NEWARK - Attorney General Peter C. Harvey, the New Jersey Division of Consumer Affairs and the New Jersey Bureau of Securities today warned that investors are being targeted with increasingly complex and confusing investment frauds. They identified the Top 10 schemes investors are likely to see in 2004. New to this year's list are mutual fund practices, senior investment fraud and variable annuities.

"New Jersey residents who are investing to fund their retirements, college education for their children and other life milestones need to be wary of scams and frauds," Attorney General Harvey said. "Nest eggs that people have spent a lifetime scraping together can be wiped out in an instant by con artists and criminals. Investors have an ally in the New Jersey Bureau of Securities. We urge investors to contact the Bureau of Securities to obtain important information about potential investments before they entrust their hard-earned dollars with investment companies."

The New Jersey Bureau of Securities (BOS) registers and regulates individuals and firms that provide investment advice or sell investment securities in New Jersey. These securities include stocks, bonds, mutual funds and other investment vehicles.

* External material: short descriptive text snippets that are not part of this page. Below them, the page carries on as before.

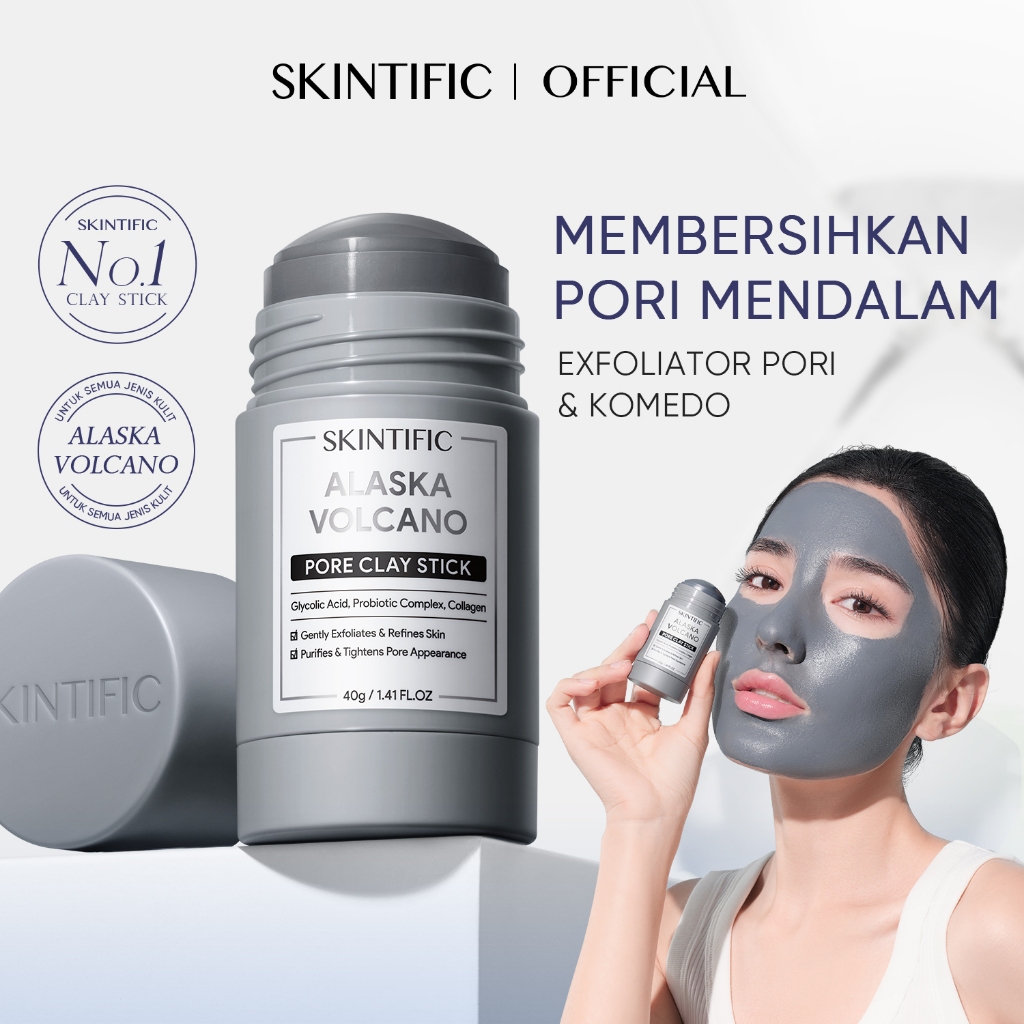 SKINTIFIC - Alaska Volcano Pore Clay Stick 40g | Masker Wajah Komedo Skincare BPOM Sleeping Mask  Or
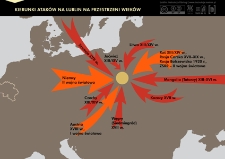 Kierunki atak&oacute;w na Lublin na przestrzeni wiek&oacute;w. Infografika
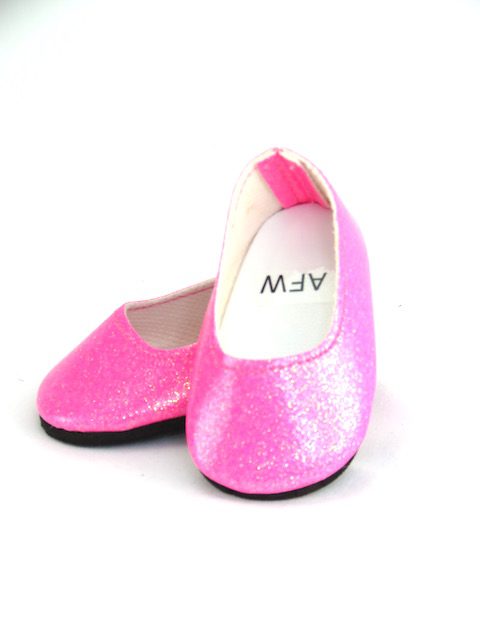 18" doll shoes pink glitter flats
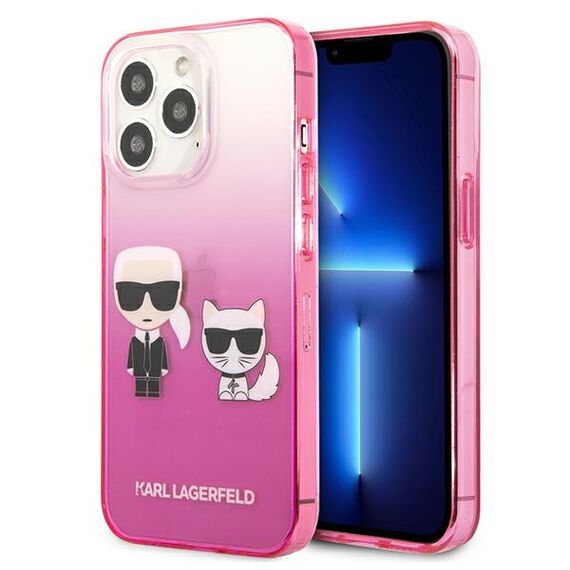 Karl Lagerfeld KLHCP13LTGKCP iPhone 13 Pro / 13 6,1" hardcase różowy/pink Gradient Ikonik Karl & Choupette | Techbox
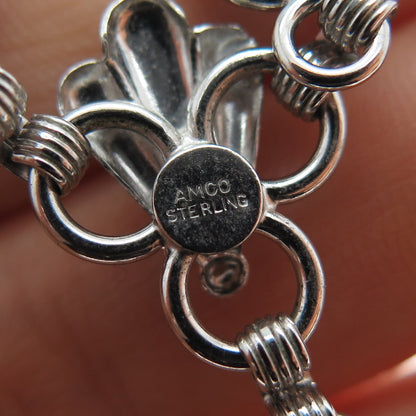 AMCO Sterling Silver Antique Art Deco Apalite Serpentine Chain Necklace 16-18"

"The BOS last year filed suit against a northern New Jersey investment company that we allege bilked $12 million from at least 195 investors," said Reni Erdos, Director of the Division of Consumer Affairs. "That's one example of our enforcement actions on behalf of investors. Our fight against investor fraud never stops because each year con artists discover new ways to fleece the public."

The BOS can be contacted at 973-504-3600 or through Consumer Affair's web site,

"Our primary mission is to protect investors, and this Top 10 list is designed to alert the public to the most common dangers," said Franklin L. Widmann, Chief of the BOS. "We urge investors to read this list carefully and heed its warnings."

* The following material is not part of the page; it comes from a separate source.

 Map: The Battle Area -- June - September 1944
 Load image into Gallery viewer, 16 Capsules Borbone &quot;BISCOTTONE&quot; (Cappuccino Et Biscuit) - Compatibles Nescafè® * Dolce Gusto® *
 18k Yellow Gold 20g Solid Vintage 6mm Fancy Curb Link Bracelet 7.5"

Widmann also is president-elect of NASAA, the North American Securities Administrators Association. The association represents 66 state, provincial and territorial securities administrators in the United States, Canada, Mexico and Puerto Rico.

NASAA today announced a new interactive Fraud Center on its web site, The center features details of the Top 10 scams, schemes and scandals; tips on how to detect con artists and avoid becoming a victim; an Investor "Bill of Rights;" instructions on how to file an investment-related complaint; and contact information for each state securities regulator.

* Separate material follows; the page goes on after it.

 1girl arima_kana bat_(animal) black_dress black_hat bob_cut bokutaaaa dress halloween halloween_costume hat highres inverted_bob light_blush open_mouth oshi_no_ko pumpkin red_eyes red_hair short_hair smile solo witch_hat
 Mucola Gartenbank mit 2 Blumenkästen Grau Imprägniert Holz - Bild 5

The following ranking of scams, schemes and scandals for 2004 is based on a survey of state securities regulators conducted by NASAA. The list is based on the order of prevalence and seriousness as identified by state securities regulators:
1) Ponzi Schemes, 2) Senior Investment Fraud, 3) Promissory Notes, 4) Unscrupulous Broker/Dealer Representatives, 5) Affinity Fraud, 6) Insurance Agent Securities Fraud, 7) Prime Bank/High-Yield Investment Schemes, 8) Internet Fraud, 9) Mutual Fund Business Practices, 10) Variable Annuities.

1. PONZI SCHEMES. Named for swindler Charles Ponzi, who in the early 1900s took investors for $10 million by promising 40 percent returns, these schemes are a perennial favorite among con artists. The premise is simple: promise high returns to investors and use money from new investors to pay previous investors. Inevitably, the schemes collapse and the only people who consistently make money are the promoters who set the Ponzi in motion.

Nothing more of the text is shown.